### Required action
The answer is the line with "3s Valentines Day" and every line after it to the end of the listing, retyped exactly. Pictures do not belong in it.

### Exercise data

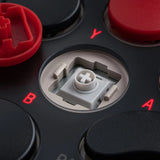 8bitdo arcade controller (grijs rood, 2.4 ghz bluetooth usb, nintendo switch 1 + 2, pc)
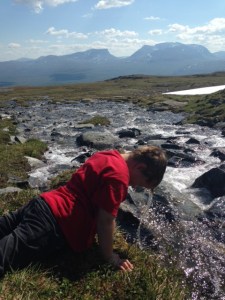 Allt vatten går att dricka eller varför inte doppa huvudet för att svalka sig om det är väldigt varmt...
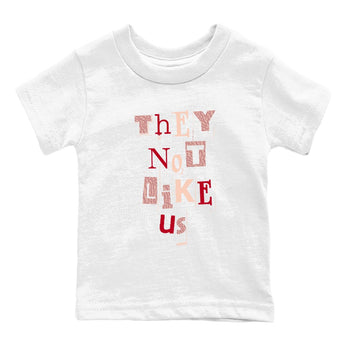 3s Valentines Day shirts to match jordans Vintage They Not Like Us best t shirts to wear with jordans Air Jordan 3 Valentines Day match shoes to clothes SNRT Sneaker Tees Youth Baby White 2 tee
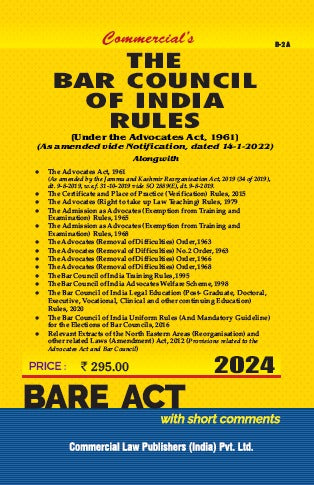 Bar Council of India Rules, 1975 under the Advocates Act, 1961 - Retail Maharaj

### Exercise result
 3s Valentines Day shirts to match jordans Vintage They Not Like Us best t shirts to wear with jordans Air Jordan 3 Valentines Day match shoes to clothes SNRT Sneaker Tees Youth Baby White 2 tee
 Bar Council of India Rules, 1975 under the Advocates Act, 1961 - Retail Maharaj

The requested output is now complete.